[3014] in testers
8.0C: savecore lossage
daemon@ATHENA.MIT.EDU (John Hawkinson)
Sun Jul 21 00:05:44 1996
Date: Sun, 21 Jul 1996 00:05:29 -0400
To: testers@MIT.EDU
From: John Hawkinson <jhawk@MIT.EDU>
Saveing crash dumps doesn't seem to work quite right.
I booted portnoy single user after a crash and editted
/etc/init.d/sysetup to uncomment the crash dump stuff at the end:
##
## Default is to not do a savecore
##
if [ ! -d /var/crash/`uname -n` ]
then mkdir -p /var/crash/`uname -n`
fi
echo 'checking for crash dump...\c '
savecore /var/crash/`uname -n`
echo ''
I then started to boot multiuser. Savecore ran and copied
the dump from the swap area and then produced 3 errors:
savecore: Warning: can't find 'ufs' in module path: /kernel /usr/kernel
savecore: Warning: can't find 'ip' in module path: /kernel /usr/kernel
savecore: Warning: can't find 'udp' in module path: /kernel /usr/kernel
At first I thought this was because those kernel modules were in /afs,
hence my other bug report about loading afs by hand. It turns out
this wasn't true. Actually, they're in /kernel/drv and /kernel/fs.
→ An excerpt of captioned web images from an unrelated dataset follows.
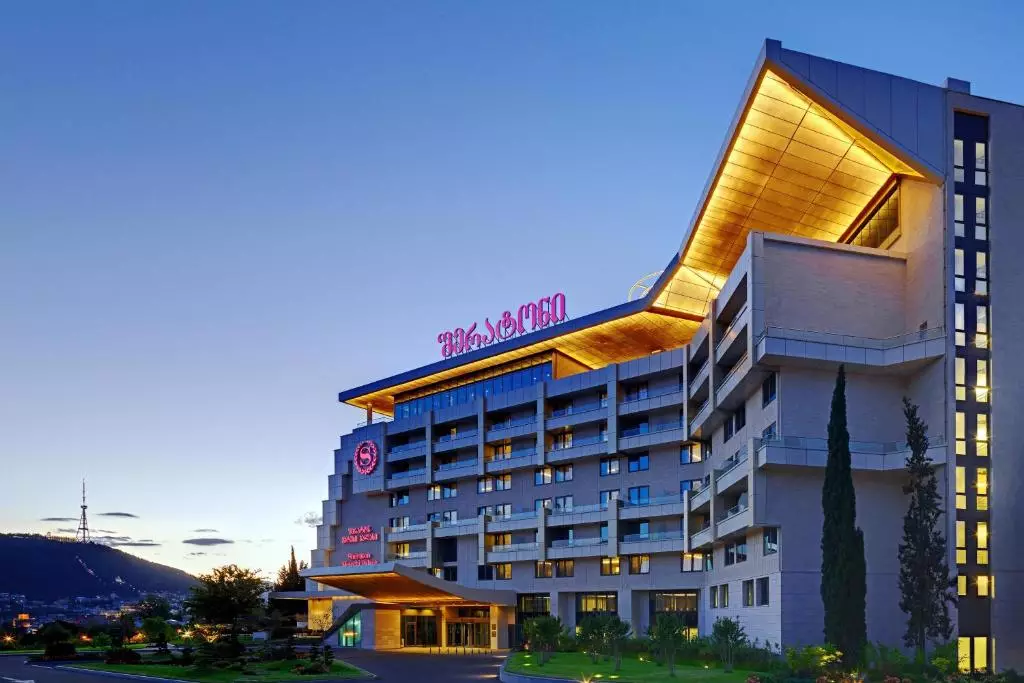 هتل شرایتون گرند تفلیس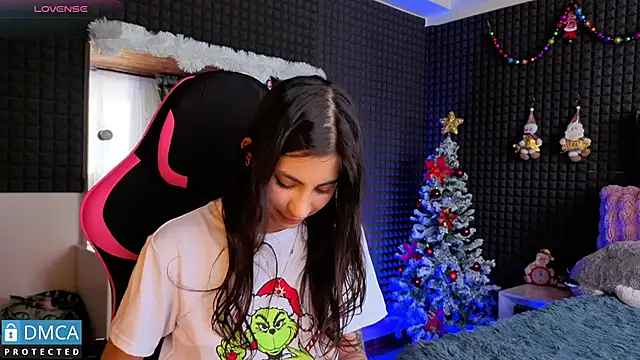 SolBeaumont1 online show from December 1, 7:05 pm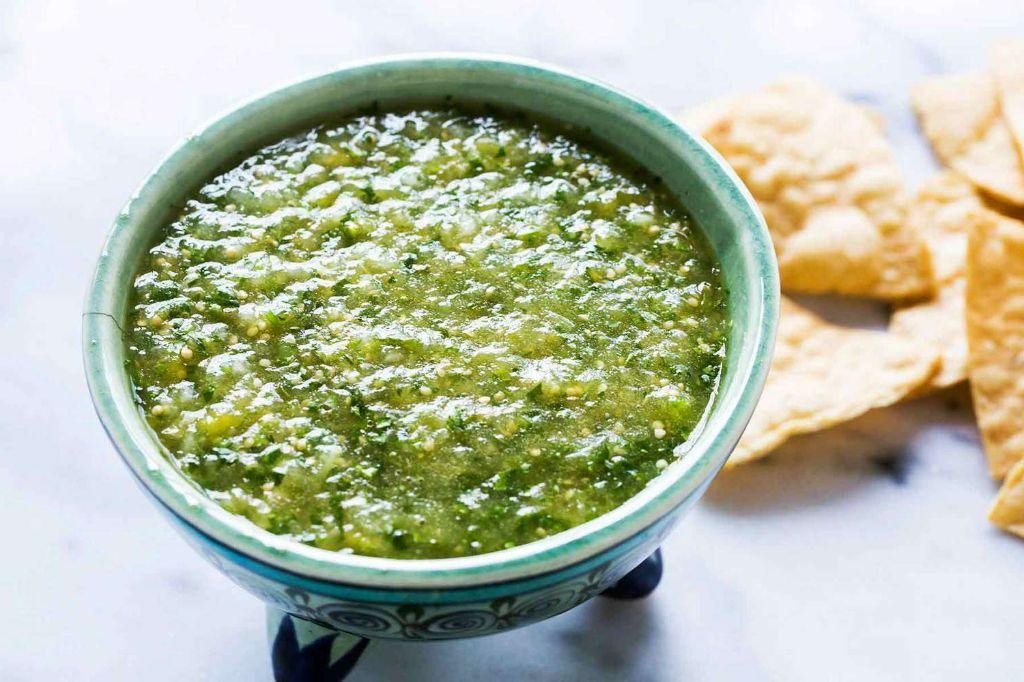 Green Tomatillo Salsa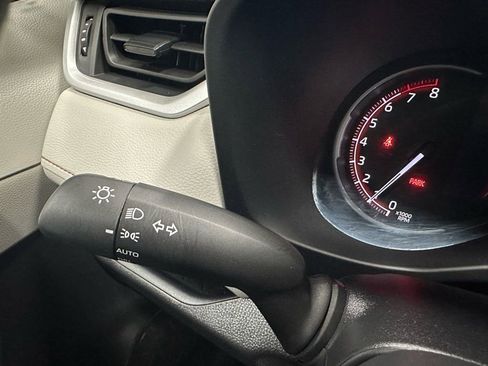 Used 2025 Toyota RAV4 XLE w/ Convenience Package image 21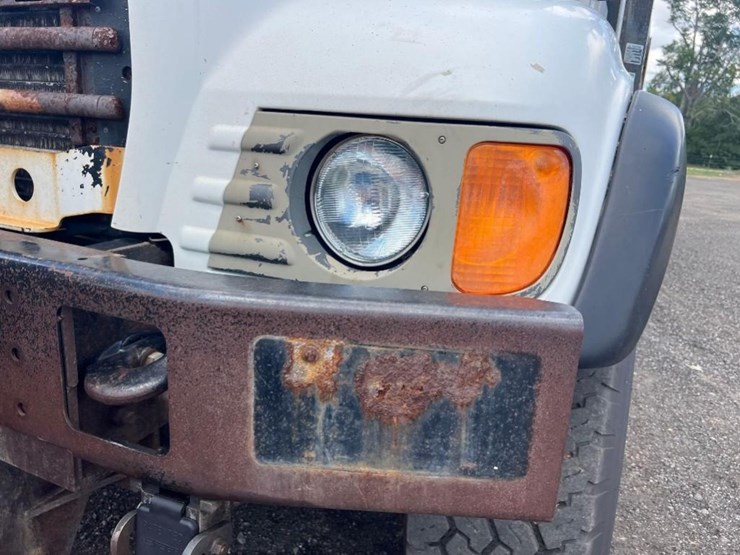 mack-granite-cv713-image-9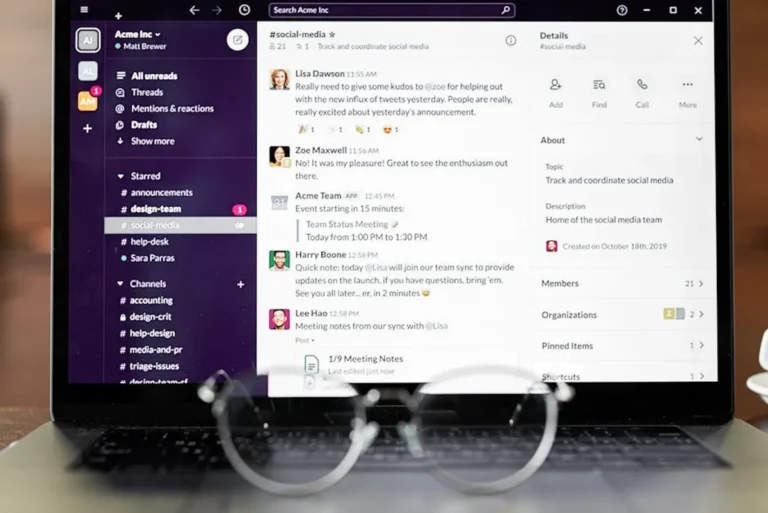 Nuzzel Review: What It Is, Features, Safety, and Alternatives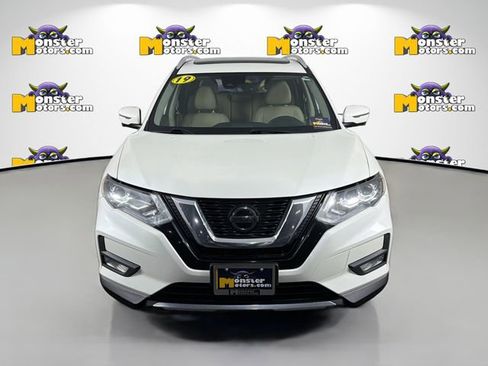 Used 2019 Nissan Rogue S image 2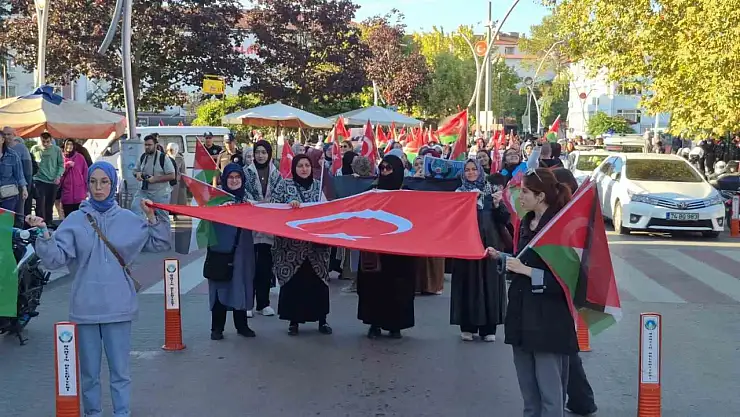 Bartın'da Sumud filosuna destek yürüyüşü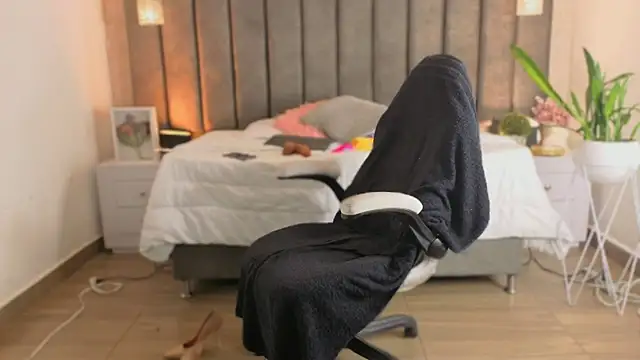Sembang XXX Secara Langsung SophiMarin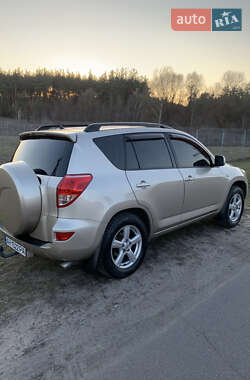 Внедорожник / Кроссовер Toyota RAV4 2006 в 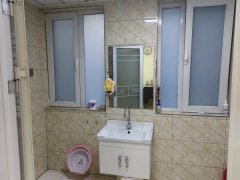 佳华水榭香都电梯的7楼西边户87平，50.8万!!精装修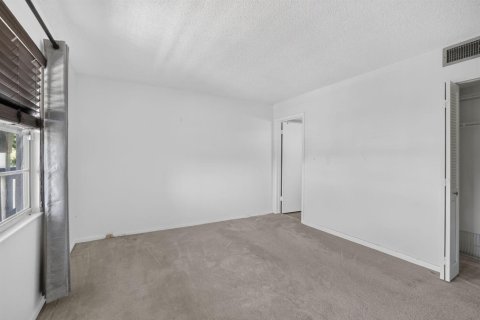 Купить кондоминиум в Коконат Крик, Флорида 3 комнаты, 79.99м2, № 2180426 - фото 6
Once those errors showed up, I immediately hit L1-A and booted single
user again, fscked, and tried to re-run savecore with -v (documented
option for verbosity). This was unsuccessful, as savecore reported
it had already been run.
The BSD savecore has tradionally allowed you to
override this behavior. On the assumption that the Solaris
savecore was the same, I stringsed it:
[portnoy!jhawk] /kernel> strings /bin/savecore | head -2
vdf:
%s: %m
Sure enough, the first returned string looks like a getopt
string. Using -vd caused savecore to ignore the fact
that a dump was already extracted and try again; unfortunately
it overwrote /var/crash/portnoy/vmcore.4. I'm not sure if it
did this because the original savecore did not properly
update the bounds file (perhaps because of the warnings?), or
because -d decides to ignore the bounds file somehow (then why didn't
it write .0?). I would like someone to:
1. Check the Solaris sources and clarify just
what -d does.
2. Complain to Sun (low priority) that -d is not documented.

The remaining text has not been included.